■ **What the task asks**
Retype exactly what appears below from the line containing "Medium Jute Gift" down to the line containing "view of gate with a yard and a rural view", keeping both end lines. Do not include pictures.

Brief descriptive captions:
*** Block opens ***

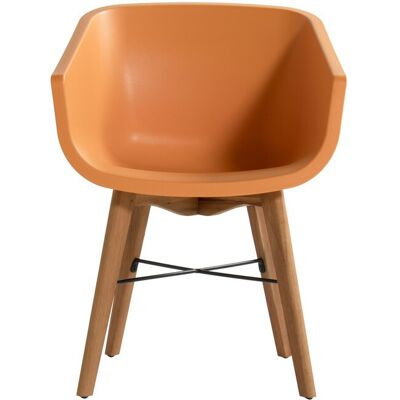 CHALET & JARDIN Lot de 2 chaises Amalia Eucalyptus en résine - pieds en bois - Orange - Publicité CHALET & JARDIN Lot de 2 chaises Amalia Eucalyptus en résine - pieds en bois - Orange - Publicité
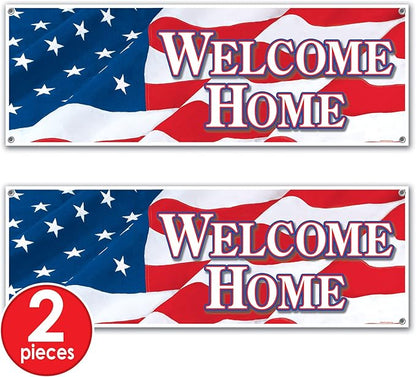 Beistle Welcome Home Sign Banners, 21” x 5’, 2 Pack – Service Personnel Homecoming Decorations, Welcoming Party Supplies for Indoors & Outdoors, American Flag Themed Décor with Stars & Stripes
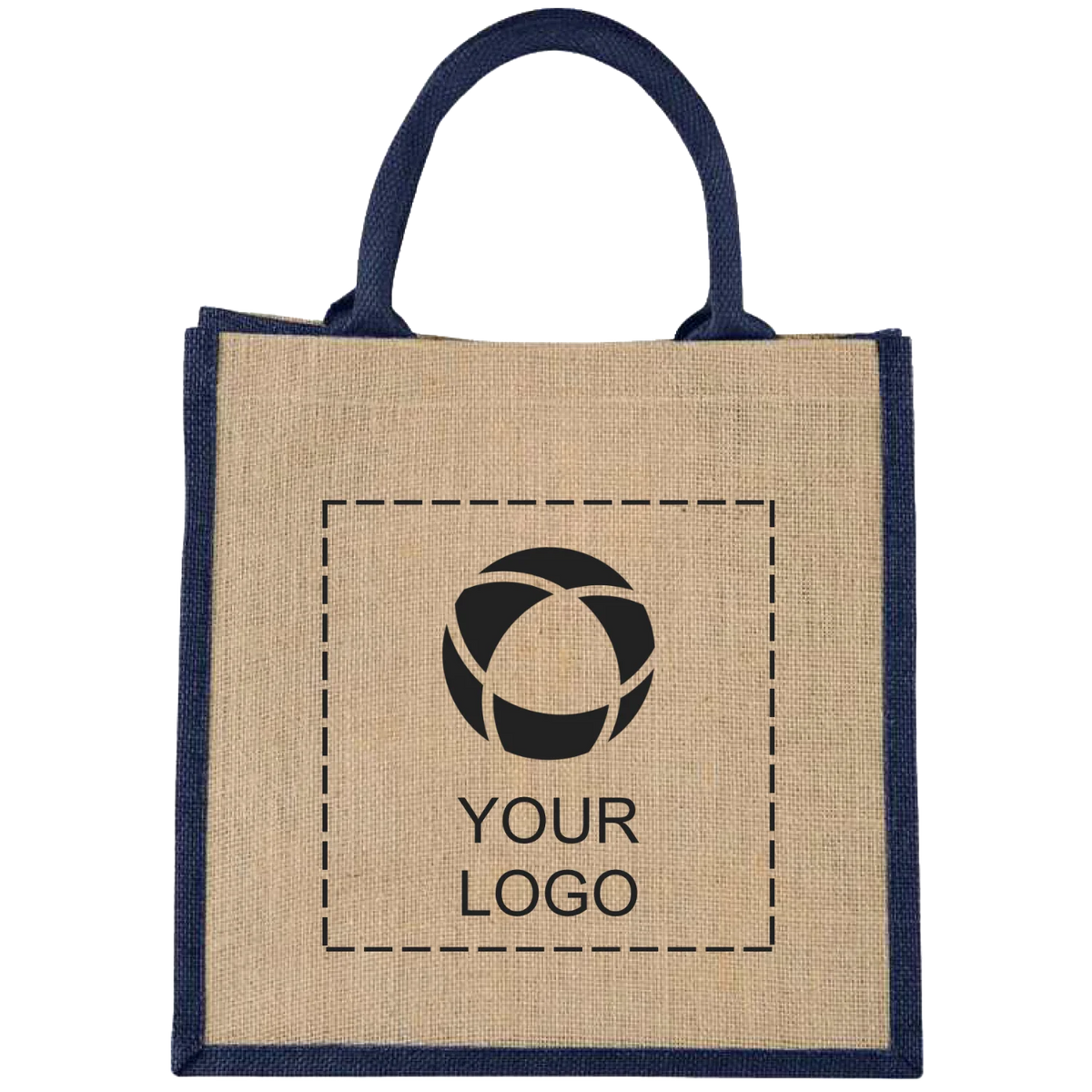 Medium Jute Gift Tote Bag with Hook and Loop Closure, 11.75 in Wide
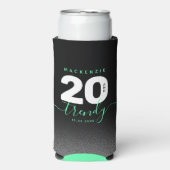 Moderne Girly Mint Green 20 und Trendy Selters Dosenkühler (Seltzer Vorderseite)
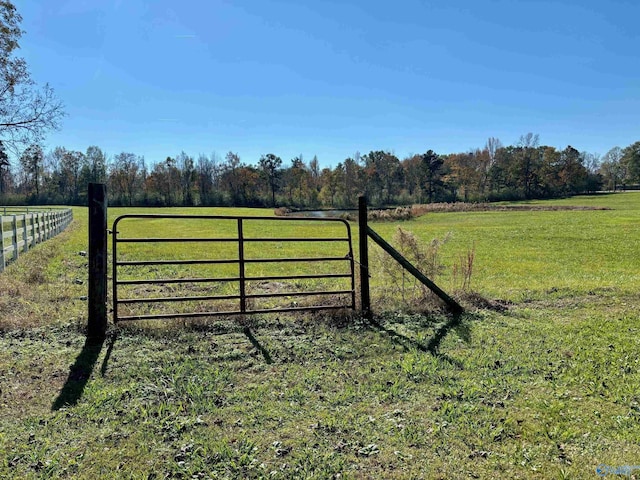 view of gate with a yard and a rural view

*** Block closes ***
*** Block opens ***

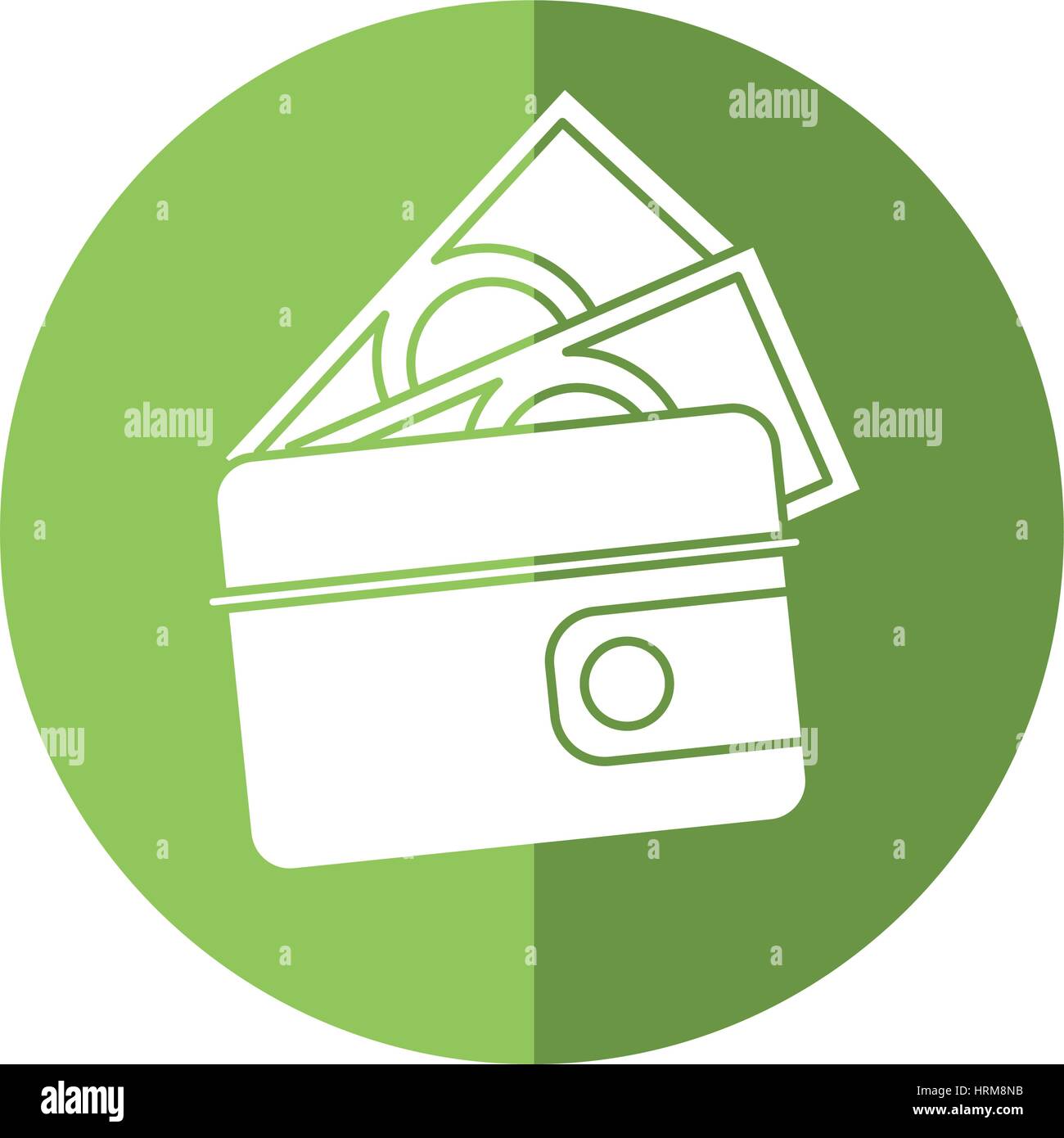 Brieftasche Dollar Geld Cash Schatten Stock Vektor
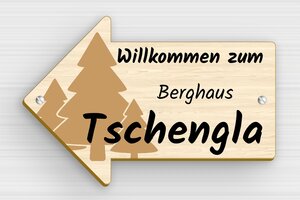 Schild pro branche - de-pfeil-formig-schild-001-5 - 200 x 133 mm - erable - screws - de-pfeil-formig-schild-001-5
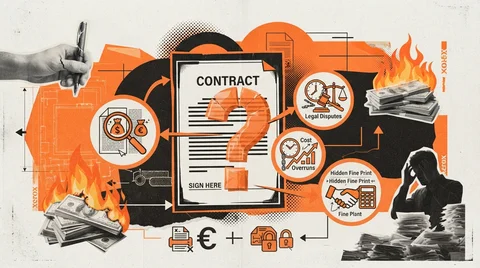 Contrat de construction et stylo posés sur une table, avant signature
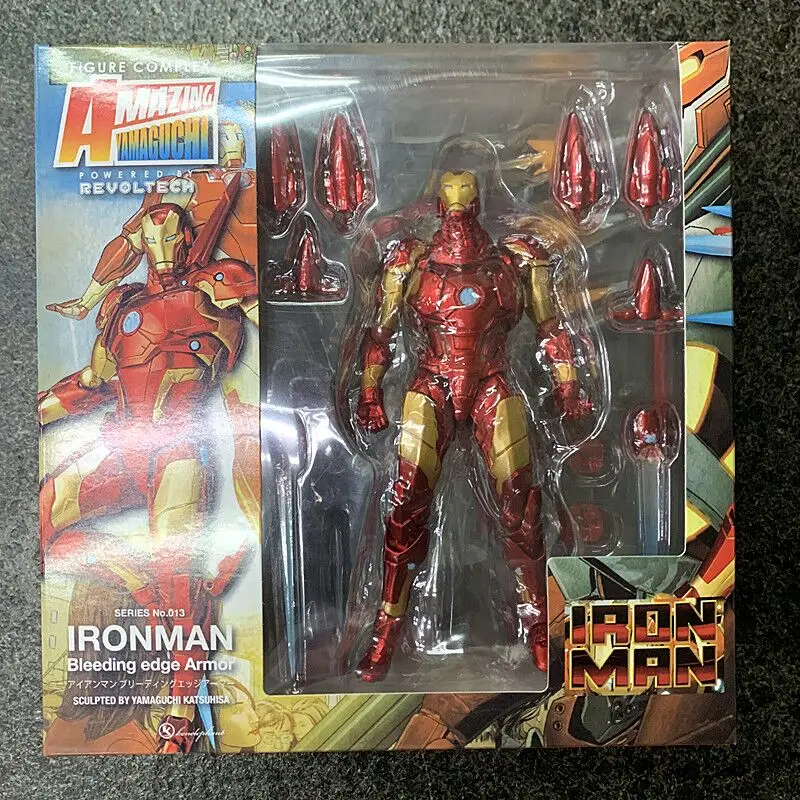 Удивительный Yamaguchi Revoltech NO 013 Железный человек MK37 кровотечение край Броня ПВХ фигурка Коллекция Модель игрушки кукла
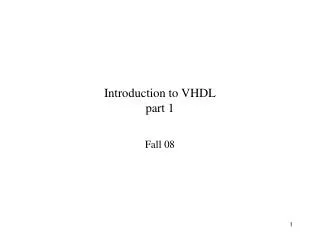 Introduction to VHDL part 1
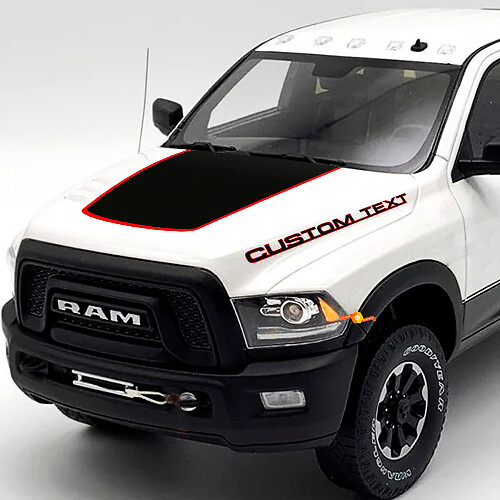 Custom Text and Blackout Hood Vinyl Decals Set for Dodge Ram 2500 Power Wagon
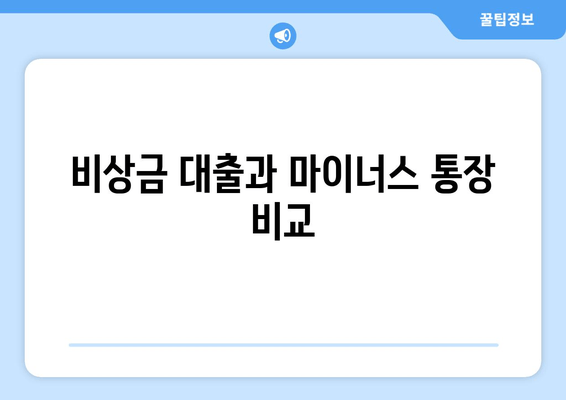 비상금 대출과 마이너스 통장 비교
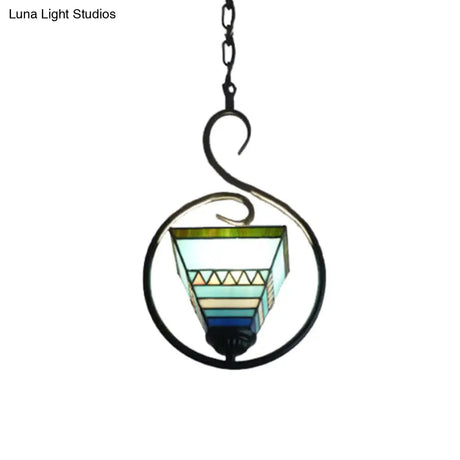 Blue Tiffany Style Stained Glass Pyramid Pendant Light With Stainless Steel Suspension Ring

*** Block closes ***

■ **Exercise result**
 Medium Jute Gift Tote Bag with Hook and Loop Closure, 11.75 in Wide
 Moderne Girly Mint Green 20 und Trendy Selters Dosenkühler (Seltzer Vorderseite)
 view of gate with a yard and a rural view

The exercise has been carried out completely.